Deletion experiments showed that rp53 specifically binds to a 35-nt uPA mRNA 3′UTR sequence and that the binding region is located upstream of the 66-nt 30-kD uPA mRNA binding protein (mRNABp) binding sequence. Our studies indicate that there is no other p53 binding sequence in uPA CDR or 3′UTR other than this 35-nt region, which corresponds to the uPA cDNA sequence from 1585 to 1620. We found that insertion of the 35-nt p53 binding sequence into β-globin mRNA destabilized the chimeric transcript in Beas2B cells, indicating that the p53 binding sequence contains information for mRNA destabilization. Transfection of cells with this sequence induced uPA expression in p53-expressing H1299 cells by competing with endogenous mRNAs, further confirming that the p53 interaction with the 35-nt uPA mRNA 3′UTR sequence destabilizes uPA mRNA. Our observations show that p53 interacts with the 35-nt uPA mRNA destabilizing element and that increased expression of uPA occurs in cells where expression of wild-type p53 is reduced, delineating a novel regulatory mechanism. Transfection of p53 inhibits uPA expression through down-regulation of uPA mRNA. In all, these studies demonstrate a novel function of p53 as an mRNA binding protein that regulates the expression of uPA mRNA by altering its stability. The pathophysiologic consequences of this pathway on clinical lung diseases, including acute lung injury, pulmonary fibrosis, or lung neoplasia, are currently unclear. However, these diverse diseases are characterized by disordered epithelial viability and disordered alveolar fibrin turnover (2
). Our results strongly suggest that this newly identified p53-mediated regulatory function could play a role in epithelial cell survival and uPA expression in these contexts.

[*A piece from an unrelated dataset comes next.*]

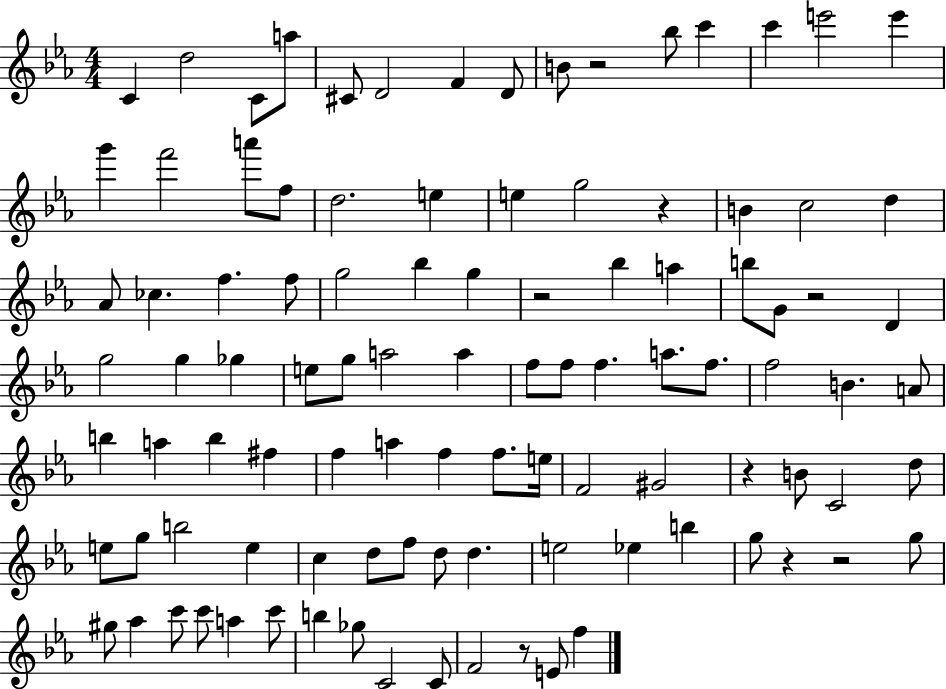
C4/q D5/h C4/e A5/e C#4/e D4/h F4/q D4/e B4/e R/h Bb5/e C6/q C6/q E6/h E6/q G6/q F6/h A6/e F5/e D5/h. E5/q E5/q G5/h R/q B4/q C5/h D5/q Ab4/e CES5/q. F5/q. F5/e G5/h Bb5/q G5/q R/h Bb5/q A5/q B5/e G4/e R/h D4/q G5/h G5/q Gb5/q E5/e G5/e A5/h A5/q F5/e F5/e F5/q. A5/e. F5/e. F5/h B4/q. A4/e B5/q A5/q B5/q F#5/q F5/q A5/q F5/q F5/e. E5/s F4/h G#4/h R/q B4/e C4/h D5/e E5/e G5/e B5/h E5/q C5/q D5/e F5/e D5/e D5/q. E5/h Eb5/q B5/q G5/e R/q R/h G5/e G#5/e Ab5/q C6/e C6/e A5/q C6/e B5/q Gb5/e C4/h C4/e F4/h R/e E4/e F5/q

In summary, we confirmed that the p53–uPA mRNA 3′UTR interaction regulates uPA mRNA stability in lung epithelial cells. To our knowledge, this newly identified pathway is the first description of the capability of p53 to interact with uPA mRNA and control its expression at the post-transcriptional level. This pathway adds a new dimension to the p53 functional repertoire and represents a new link between viability of lung epithelial cells and pericellular proteolysis, as occurs in neoplastic transformation, growth, and spread of lung neoplasms. This pathway may likewise contribute to the regulation of uPA-dependent responses of the lung epithelium in the context of lung injury and repair.